◆ YOUR OBJECTIVE
How many lines below contain the word "White"? Reply solely with the number.
======== LISTED RECORDS
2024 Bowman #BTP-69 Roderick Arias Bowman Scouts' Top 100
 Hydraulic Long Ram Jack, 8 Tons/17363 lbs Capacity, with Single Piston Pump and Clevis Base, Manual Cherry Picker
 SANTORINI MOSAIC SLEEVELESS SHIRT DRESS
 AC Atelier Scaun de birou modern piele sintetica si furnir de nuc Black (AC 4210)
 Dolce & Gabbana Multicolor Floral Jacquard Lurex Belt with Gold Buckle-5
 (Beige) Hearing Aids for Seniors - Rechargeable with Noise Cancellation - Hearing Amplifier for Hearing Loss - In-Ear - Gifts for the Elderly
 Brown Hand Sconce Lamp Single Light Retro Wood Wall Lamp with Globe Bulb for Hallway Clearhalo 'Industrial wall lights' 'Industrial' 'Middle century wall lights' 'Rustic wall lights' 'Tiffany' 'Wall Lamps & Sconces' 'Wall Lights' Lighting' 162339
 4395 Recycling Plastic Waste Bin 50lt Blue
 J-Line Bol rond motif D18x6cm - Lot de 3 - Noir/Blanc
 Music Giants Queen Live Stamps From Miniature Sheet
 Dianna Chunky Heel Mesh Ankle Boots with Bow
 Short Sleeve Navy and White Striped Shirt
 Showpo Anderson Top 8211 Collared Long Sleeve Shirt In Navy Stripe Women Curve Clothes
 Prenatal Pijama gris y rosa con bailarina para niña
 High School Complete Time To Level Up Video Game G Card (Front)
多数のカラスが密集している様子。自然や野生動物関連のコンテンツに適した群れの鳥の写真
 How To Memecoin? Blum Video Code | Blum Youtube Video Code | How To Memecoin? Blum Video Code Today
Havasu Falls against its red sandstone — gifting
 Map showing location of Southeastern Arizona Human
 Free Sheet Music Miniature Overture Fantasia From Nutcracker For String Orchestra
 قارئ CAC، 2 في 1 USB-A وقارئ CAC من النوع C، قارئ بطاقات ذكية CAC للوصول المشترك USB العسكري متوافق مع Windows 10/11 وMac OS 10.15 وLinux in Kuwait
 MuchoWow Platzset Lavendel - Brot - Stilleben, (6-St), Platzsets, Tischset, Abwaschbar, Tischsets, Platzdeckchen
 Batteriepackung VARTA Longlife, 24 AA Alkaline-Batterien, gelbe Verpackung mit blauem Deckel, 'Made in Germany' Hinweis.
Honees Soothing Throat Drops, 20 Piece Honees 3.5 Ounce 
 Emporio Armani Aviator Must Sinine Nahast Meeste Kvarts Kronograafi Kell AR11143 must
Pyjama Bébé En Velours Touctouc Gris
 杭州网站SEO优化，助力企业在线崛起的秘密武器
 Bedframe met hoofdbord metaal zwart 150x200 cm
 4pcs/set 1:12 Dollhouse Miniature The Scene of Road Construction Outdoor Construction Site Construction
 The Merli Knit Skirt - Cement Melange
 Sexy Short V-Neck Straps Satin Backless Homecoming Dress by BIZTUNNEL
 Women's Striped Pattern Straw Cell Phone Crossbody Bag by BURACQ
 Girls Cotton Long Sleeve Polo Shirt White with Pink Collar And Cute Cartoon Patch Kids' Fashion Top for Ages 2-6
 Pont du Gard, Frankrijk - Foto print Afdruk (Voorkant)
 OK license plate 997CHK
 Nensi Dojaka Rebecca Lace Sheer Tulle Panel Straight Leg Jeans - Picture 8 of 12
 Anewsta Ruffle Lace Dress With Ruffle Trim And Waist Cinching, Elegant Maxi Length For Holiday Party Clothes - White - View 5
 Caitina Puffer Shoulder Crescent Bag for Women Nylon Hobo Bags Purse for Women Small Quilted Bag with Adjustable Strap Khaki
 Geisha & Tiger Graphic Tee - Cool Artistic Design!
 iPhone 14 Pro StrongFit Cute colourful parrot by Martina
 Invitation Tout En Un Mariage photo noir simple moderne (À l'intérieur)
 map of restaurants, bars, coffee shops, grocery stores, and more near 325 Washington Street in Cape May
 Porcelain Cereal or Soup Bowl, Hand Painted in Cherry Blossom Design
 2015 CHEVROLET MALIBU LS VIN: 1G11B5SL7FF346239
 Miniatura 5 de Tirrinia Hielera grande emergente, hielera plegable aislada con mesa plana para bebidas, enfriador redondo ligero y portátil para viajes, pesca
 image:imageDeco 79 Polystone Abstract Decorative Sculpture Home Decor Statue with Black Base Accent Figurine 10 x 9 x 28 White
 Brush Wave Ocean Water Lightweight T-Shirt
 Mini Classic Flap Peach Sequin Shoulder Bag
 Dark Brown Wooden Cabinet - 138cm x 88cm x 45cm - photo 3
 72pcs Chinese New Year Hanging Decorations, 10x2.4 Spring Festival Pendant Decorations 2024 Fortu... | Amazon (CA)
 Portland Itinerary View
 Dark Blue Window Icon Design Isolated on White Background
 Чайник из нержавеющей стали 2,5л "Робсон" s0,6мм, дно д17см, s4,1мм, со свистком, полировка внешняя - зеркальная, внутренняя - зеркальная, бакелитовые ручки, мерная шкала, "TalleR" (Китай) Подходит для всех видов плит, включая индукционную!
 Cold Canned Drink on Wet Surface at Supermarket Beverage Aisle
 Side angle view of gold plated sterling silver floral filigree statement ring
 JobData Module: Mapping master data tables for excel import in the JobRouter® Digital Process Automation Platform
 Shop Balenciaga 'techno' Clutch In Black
================
◆ SOLUTION FOR THIS EXERCISE
5